The Diophantine equation
(1) y^2 = px^2 + 1
has certain solutions in x,y,p.
Case 1. For p = 4k+1, x is even and y is odd for all solutions x,y,p.
Proof: Assume x is odd = 2m+1 for some m. Then y is even = 2k so that (1) becomes
(2) 4k^2 = (4k+1)(2m+1)^2 +1
This translates to 4w = 4z+2 for some w,z. Dividing out the 2 we get 2w = 2z+1 which is impossible for all integers w and z.
Therefore x is even and y is odd in (1) for p = 4k+1.
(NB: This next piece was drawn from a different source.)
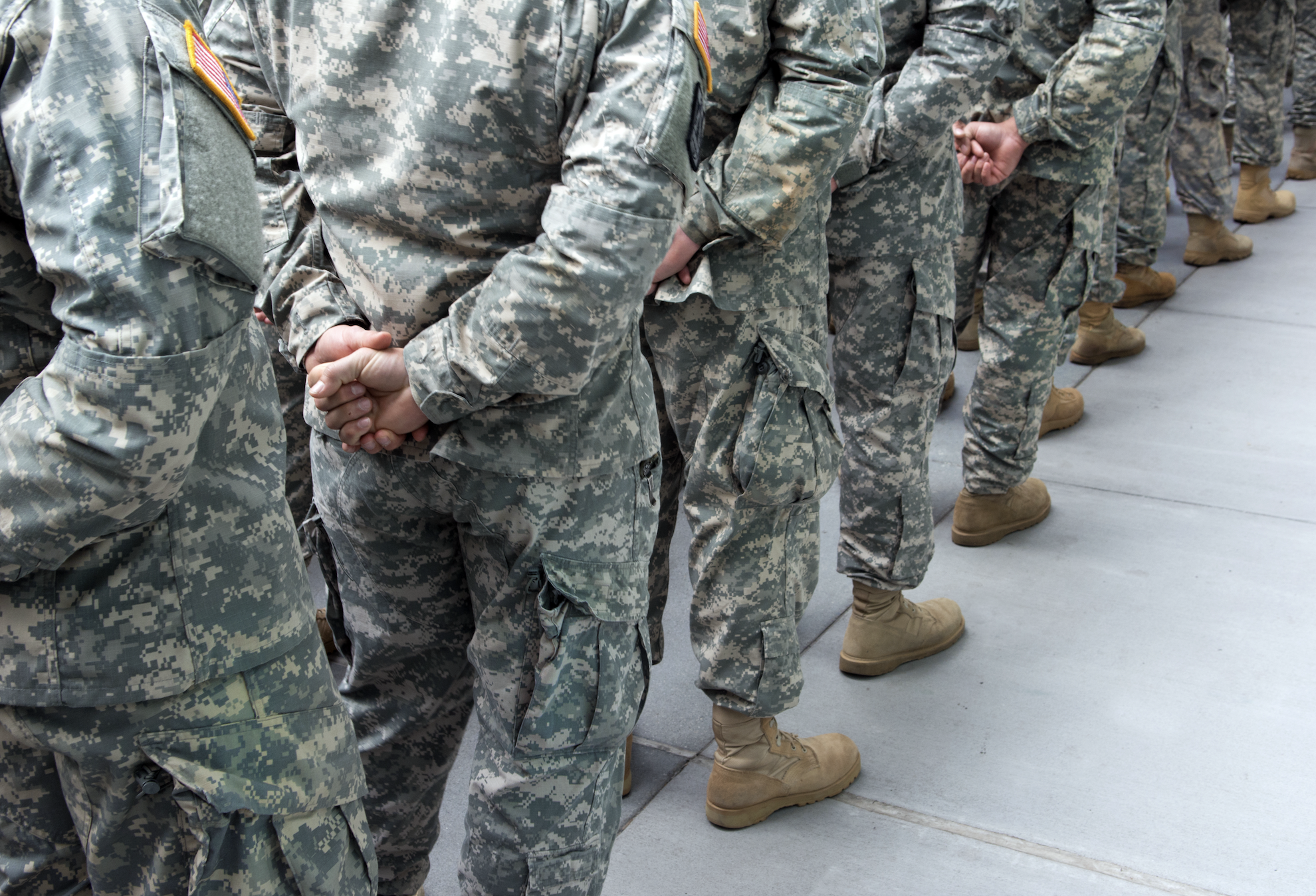 People in military uniforms standing in a row with their hands behind their backs. Faces are not visible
Case 2. For p = 4k+3 if x is odd and y is even for all solutions x,y,p.
If x is even, we have
(3) 4n^2+4n+1 = 4pm^2 +1 = n^2 + n = pm^2. This implies m divides n. We have n = zm for some z coprime with m (uniqueness of factorization). Then (3) becomes
(4) z^2m^2 + zm = pm^2
dividing out m we get z^2m + z = pm. This implies m divides z contrary to z coprime with m. Hence x cannot be even x must be odd.
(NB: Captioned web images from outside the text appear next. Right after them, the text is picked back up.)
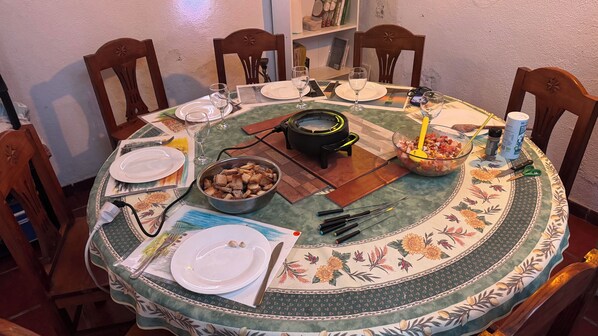 A dining table set with plates, glasses, cutlery, a bowl of food, a portable stove, and a water bottle.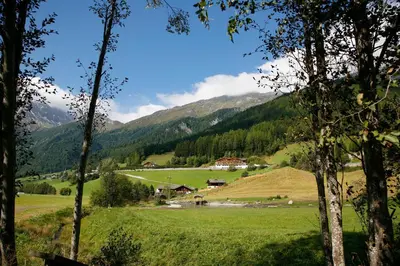 a valley with a farm and mountains in the background at Hotel Kranebitt in Val di Vizze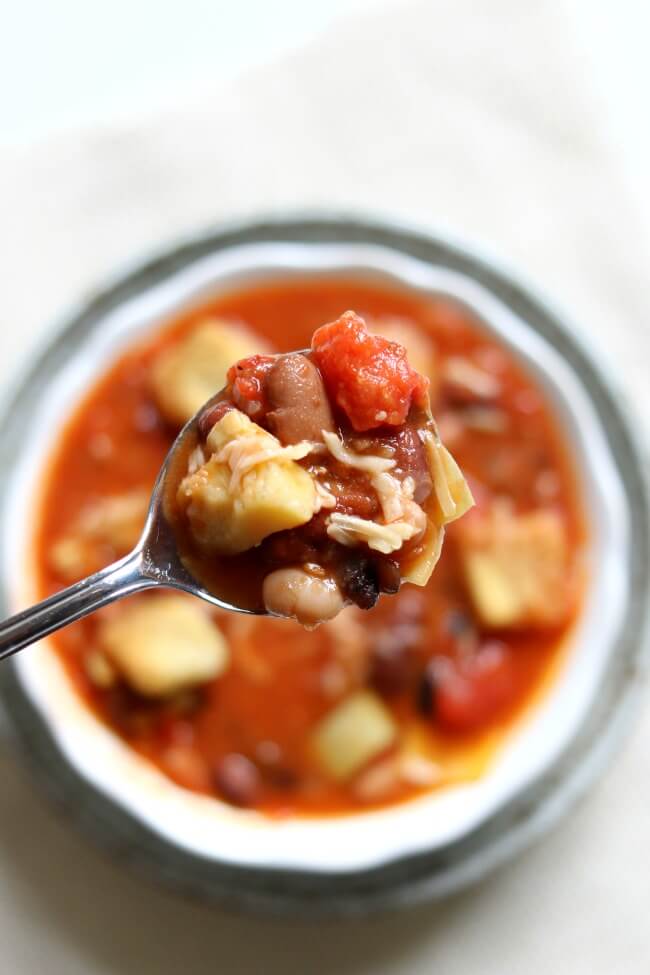 Tomato Artichoke 15-Bean Soup--a healthy soup with crushed tomatoes, tender fleshy artichoke hearts, a variety of hearty beans, Parmesan cheese and seasoned croutons. 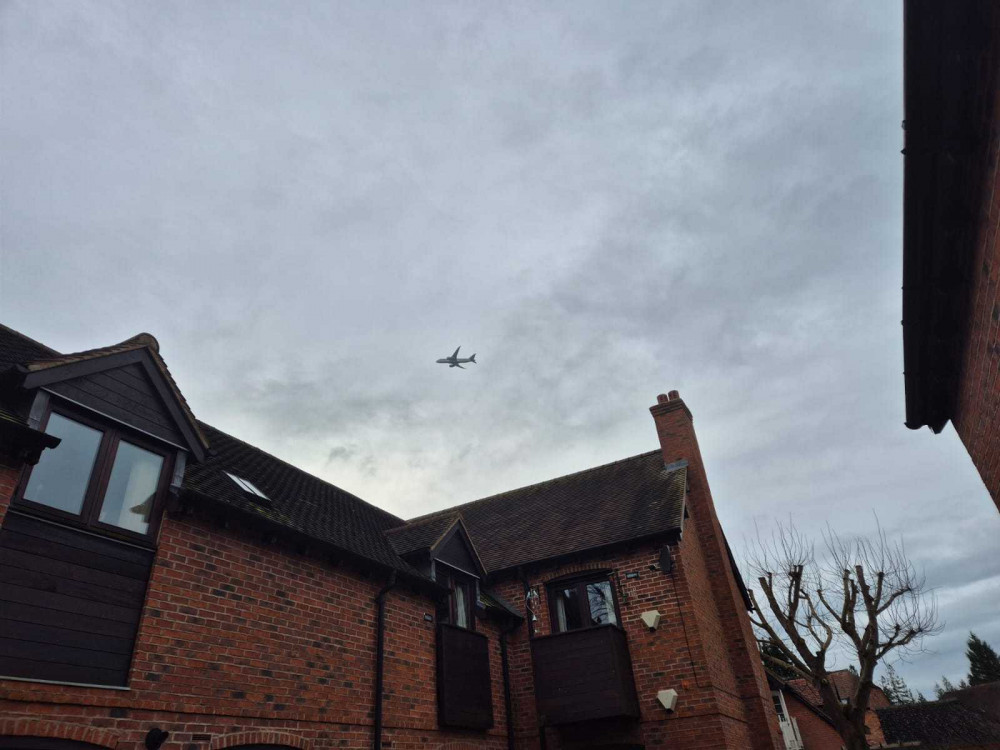 A plane flies over houses in Hampton-in-Arden (image via LDRS)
We verify this by letting x = 2m+1 and y = 2k and substututing this in (1) and multiplying out we have
(5) y^2 = px^2 + 1 = 4k^2 = p(2m+1)^2 + 1. This can be rewritten as
(6) (2k+1)(2k-1) = p(2m+1)^2.
So 2m+1 divides 2k+1 or 2k-1.
Then p divides y-1 or y+1 in (5).
Conjecture: p does not divide x for all solutions of (1).